Regardless of when the alleged misconduct may have occurred, it is very doubtful if the same was of such a nature as to require a reversal of this case. The alleged misconduct consisted of a statement by the jury that the case would be appealed, anyhow, and that Schoenfeld would not have to pay the judgment if he lost, but that the insurance company would have it to pay, and that the insurance company would have no recourse against Schoenfeld.

There is no evidence that these statements affected the jury or caused them to find differently than they would have found if the remarks had not been made, and the remarks are not of such a nature that an injury to appellants will be presumed. Hansen v. Ponder (Tex. Civ. App.) 23 S.W.(2d) 737; Maloney v. G. A. Stowers Furniture Co. (Tex. Civ. App.) 28 S.W.(2d) 306; Ward v. Jones (Tex. Civ. App.) 293 S. W. 604; Commercial Standard Insurance Co. v. Miller (Tex. Com. App.) 48 S.W.(2d) 618.

It is shown that the remarks as to who would have to pay the judgment was invited by argument of counsel for appellants. The fact that the jury took issue with the argument or did not properly construe the bond cannot impeach or set aside their verdict. Kuntz v. Spence (Tex. Civ. App.) 48 S.W.(2d) 413; Ward v. Jones (Tex. Civ. App.) 293 S. W. 604.

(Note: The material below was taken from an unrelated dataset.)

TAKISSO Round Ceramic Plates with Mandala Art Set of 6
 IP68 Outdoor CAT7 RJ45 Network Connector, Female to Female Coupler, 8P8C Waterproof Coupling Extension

The fact that one juror agreed to the verdict because he had been sick, because he did not want to be confined with one of the other jurors who had become sick, and because he wanted to get out and go home to his sick wife, can be of no effect. A juror will not be permitted to impeach his verdict, solemnly rendered in open court, by his own statement made on a motion for new trial, that he had in his mind certain improper considerations which prompted him to agree with his other eleven brother jurors. Especially is this true where these matters were not referred to by him during the deliberations or at the time the verdict was rendered in open court. The trial court properly excluded all testimony of this nature. Bradley v. R. Co. (Tex. Com. App.) 1 S.W.(2d) 861.

In this case we have a statement of facts consisting of more than 600 pages of testimony, together with many exhibits. Appellants do not complain in their briefs of any error that occurred during the trial 'of this lengthy case, but seek a reversal of this judgment on the sole ground of misconduct of jury. We are of the opinion that the misconduct complained of is insufficient to require the setting aside of the judgment in this case.

The judgment of the trial court is affirmed.